A film in which the villain is a failed composer—that hits close to home! And it’s the premise (roughly) of the 1987 made-for-TV Australian film Coda (1987). The film is also notable for its use of women in all the lead roles, which would now be a travesty of wokery, but at the time was mildly interesting (it also works because the women aren’t perfectly strong, tough, and smart; the female police detective, for example, seems pretty incompetent, which rings true). Regular readers know that yours portly is an avid supporter of all women, so you can be sure that I approved of this artistic decision.
Coda is very much a 1980s film—the outfits, the haircuts, etc. I imagine Australia is one of those countries that is like Idaho: it’s ten years behind the United States in terms of fashion and pop culture, but it’s still on the same trajectory. I might be completely wrong about that, but that is the sense I got watching this flick.

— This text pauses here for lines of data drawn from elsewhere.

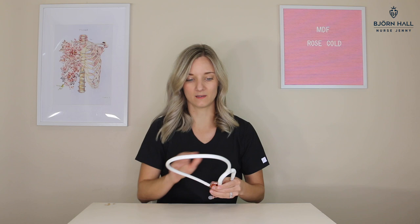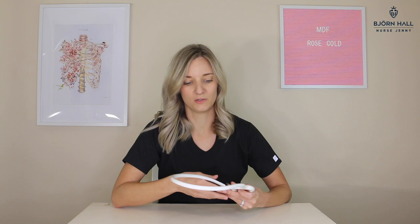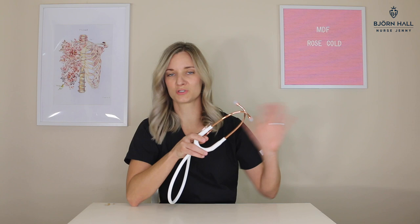This stethoscope is white, so of course you're going to have to be careful with it — really careful not to put stains on it. I wore it with a new pair of blue scrubs, and unfortunately I did get a little bit of a blue mark on it that I can't get off. So if you buy something white, it's like buying a white shirt — you're going to get stains unless you're careful. Do keep it in a stethoscope case when you're not using it, because the rose gold metal can also get scratches. Don't just throw it around; treat it like a piece of jewelry.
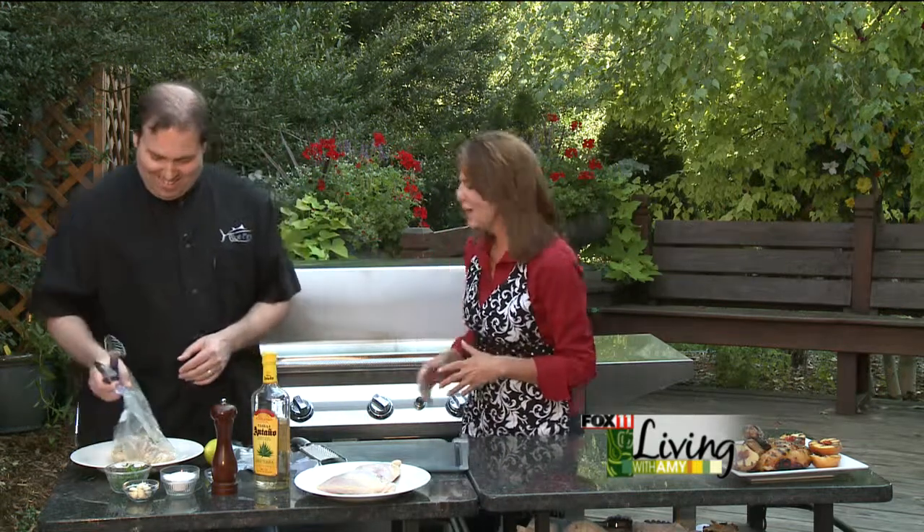So tell us about this dish. Okay, this is a dish I came up with — I actually took it from a restaurant I ate in and said, I bet you I can make it better at home. So this is tequila lime chicken, and it's a very simple marinade. Basic ingredients that you have in your cabinet — the tough one is tequila, but if you don't have it, you can go get some.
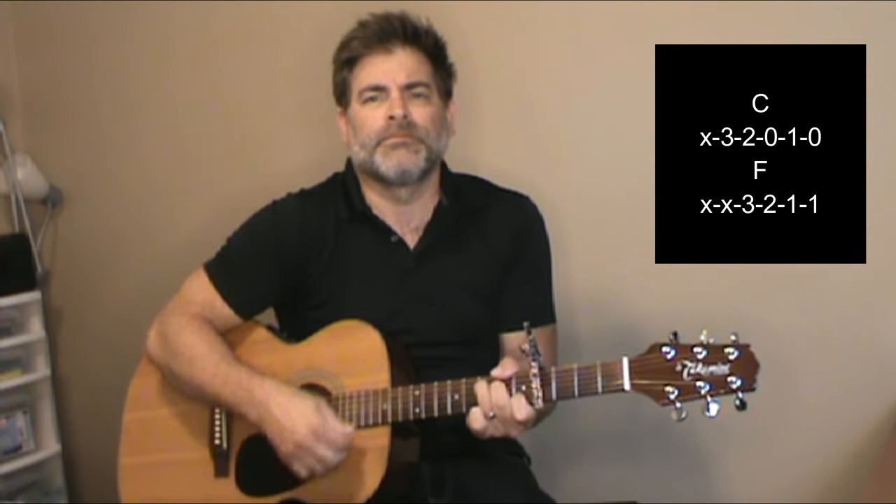And those are primarily the chords you need to know.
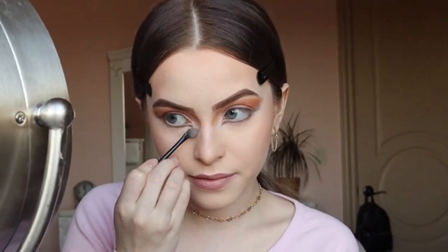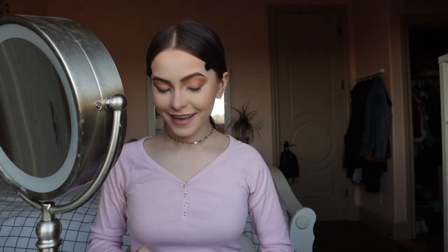Okay, now I'm just going in with some concealer and cleaning it up, because this other eye just does not want to cooperate. This makeup look is harder than I thought.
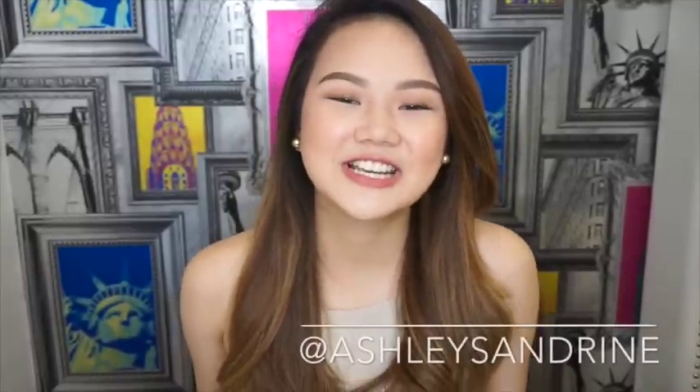Hi guys, it's Ashley and today I created a really simple look that's easy to wear when you're going to work or if you don't have much time and you're going to school. People have been commenting on my Instagram photos and videos that they wanted to see something that's super simple to do, and this is the look that I came up with.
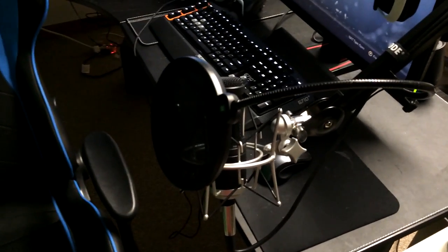Then you can see the mic I'm talking into right now, which is the Audio-Technica AT2020 with a Samson shock mount, the Rode PSA1 arm, and just an average pop filter. It is a pretty beast setup and I couldn't be more happy with it.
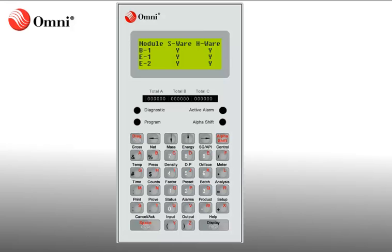In this interactive demonstration, we will show how to reset a running batch. In order to stop a batch, you must first navigate to the Batch menu. To access the Batch menu, you must press Program, Batch, Enter.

Regardless, Coda is an enjoyable little thriller. It opens with a women being murdered—gasp!—and a goofy passer-by—the lead character’s ex-husband—is framed up for the job when he attempts to offer the dying woman aid. No good deed goes unpunished, it seems, and the female police detective is convinced the ex-husband is the culprit. Surprisingly, the ex-wife/lead protagonist doesn’t believe her bumbling ex-husband could be the culprit and begins her own investigation.